Nesses processos, existem vários casos específicos que mostram como o uso da IA ​​para automatizar processos replica preconceitos de gênero. Por exemplo, em 2014, a Amazon começou a desenvolver um programa que, usando Machine Learning, permitia revisar e avaliar automaticamente centenas de currículos. Esse sistema aprendeu com os currículos recebidos nos últimos 10 anos e com o desempenho das pessoas contratadas nesse período. Em 2015, a empresa percebeu que esse novo sistema desfavorecia as mulheres em cargos de desenvolvimento de software ou outras tarefas técnicas. Um reflexo do domínio histórico masculino na indústria de tecnologia. Apesar dos esforços, a Amazon não conseguiu reverter esse aprendizado e rejeitou o programa.

Por outro lado, Joy Buolamwini e Timnit Gebru, pesquisadores do MIT, avaliaram o software de reconhecimento facial da IBM, Microsoft e Face ++, descobrindo que todas as empresas tiveram melhor desempenho no reconhecimento de rostos de homens do que mulheres e rostos de pessoas de pele clara versus pessoas de pele escura. Ao analisar os subgrupos, o reconhecimento facial das mulheres negras foi o que apresentou a maior taxa de erro nas três empresas: erro médio de 31%. Este resultado é contrastado com o erro de menos de 1% para homens brancos.

Essas taxas de erro são críticas. Essa tecnologia é usada hoje pelos governos para detectar tendências criminais. E sabemos bem que isso pode ser usado para gerar um relatório de probabilidades de reincidência ou influenciar as sentenças das pessoas.

Exemplos como esses explicam o papel do uso da Inteligência Artificial na criação de sistemas automatizados. O fato de tais sistemas serem treinados com um conjunto de dados gerados por pessoas e sua experiência implica que os sistemas aprenderão e manterão a subjetividade que pode vir com eles. O que significa que os preconceitos existentes no mundo offline são transferidos para o online. Nesse sentido, é necessário promover estratégias que garantam que a adoção de novas tecnologias em grande escala pare a criação de mais desigualdades de gênero, raça, entre muitas outras.

Essa realidade assusta e se torna um cenário crítico quando pensamos que essa será e está sendo a tecnologia promovida pelos Estados e que influenciará diretamente as liberdades e os direitos civis do povo. Provavelmente, determinará bolsas de estudo, subsídios de moradia, permissões de migração e terá um papel fundamental na segurança do cidadão.
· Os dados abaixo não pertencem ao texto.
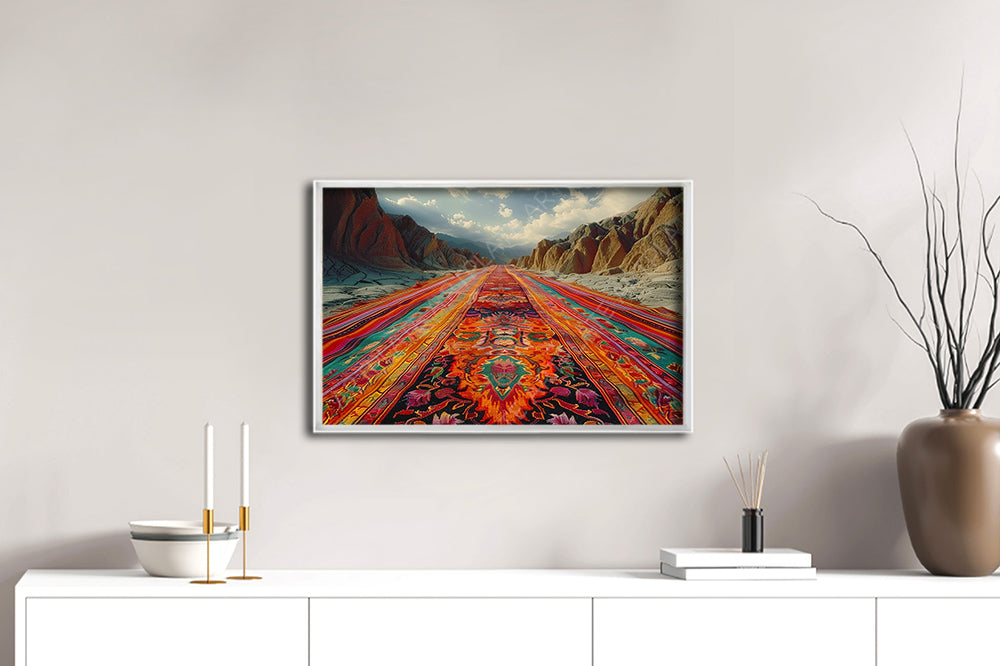 Tapis dans le desert 1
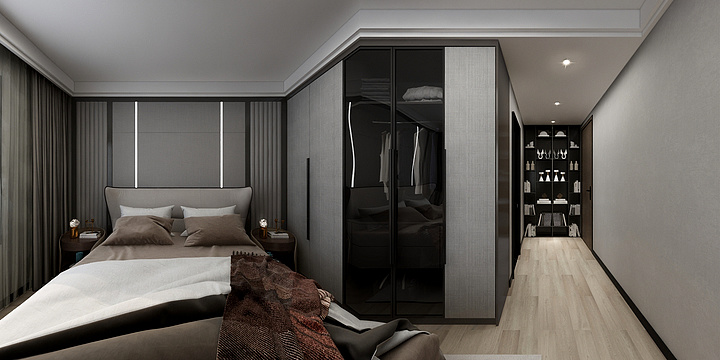 Clockwisedesign-中央名府-装修设计方案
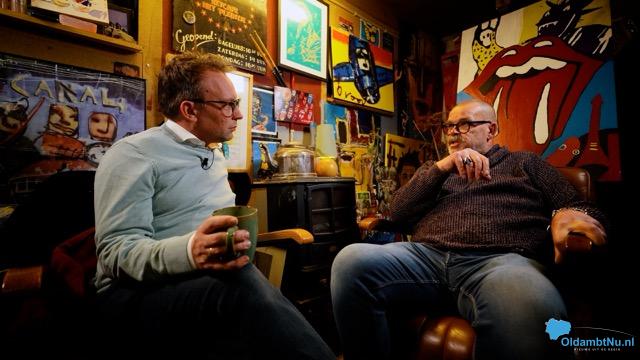 “Get a life!” Kunstenaar en beveiliger Daniël Stuttje over muziek, kunst en veerkracht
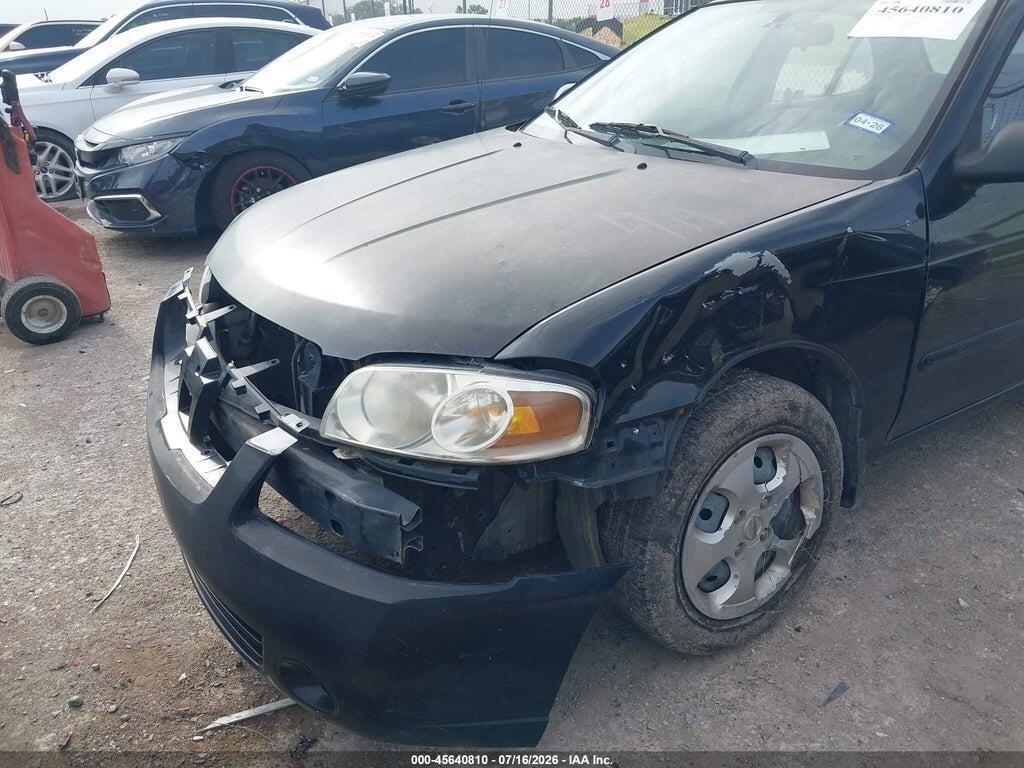 3N1CB51D96L494086 2006 NISSAN SENTRA photo no. 6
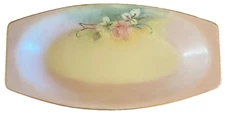Relish Celery Dish Oval Squared Ends Relish Celery Dish Mae Shepherd 1969 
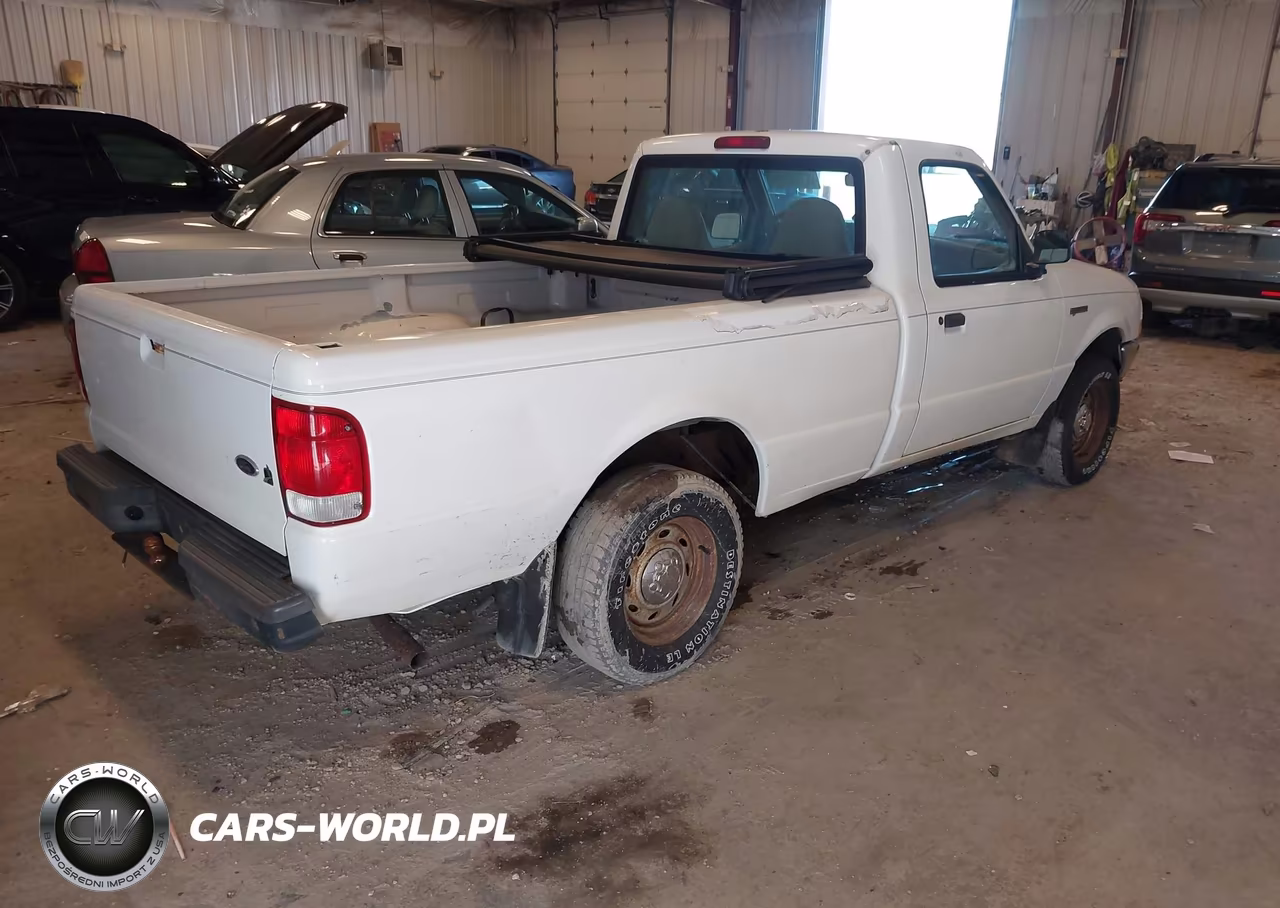 2000 Ford Ranger Xl-Xlt VIN:1FTYR10V3YPB10294 - 4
Na Cidadania Inteligente, trabalhamos constantemente para encontrar maneiras pelas quais os atuais vieses da sociedade não se replicam nesses sistemas e que possam ser usados ​​inclusive para revertê-los. Em aliança com Women at the table (W@tt), uma organização da sociedade civil que promove a igualdade de gênero, nós nos esforçamos para tornar visíveis os preconceitos existentes, chamando a atenção de diferentes atores para defender a transparência e comandar ações afirmativas nos algoritmos. Aderimos à declaração de W@tt que promete:

  • Defender e adotar diretrizes que estabeleçam transparência na tomada de decisões algorítmicas.

  • Incluir uma variedade interseccional e número igual de mulheres no código de criação, design e tomada de decisão com base em algoritmos.

  • A existência de cooperação internacional e uma abordagem baseada em direitos humanos no desenvolvimento desses sistemas.

Estamos em um ponto de inflexão na história. O número de sistemas automatizados de tomada de decisões é sem precedentes e esses estão sendo implementados em alta velocidade. Podemos deixar a tecnologia continuar colocando barreiras para as mulheres e grupos sub-representados, ou podemos usá-la a nosso favor. Na Cidadania Inteligente, continuaremos trabalhando para desenvolver ações afirmativas, a fim de corrigir os vieses que impedem a plena participação das pessoas nas diferentes esferas da sociedade.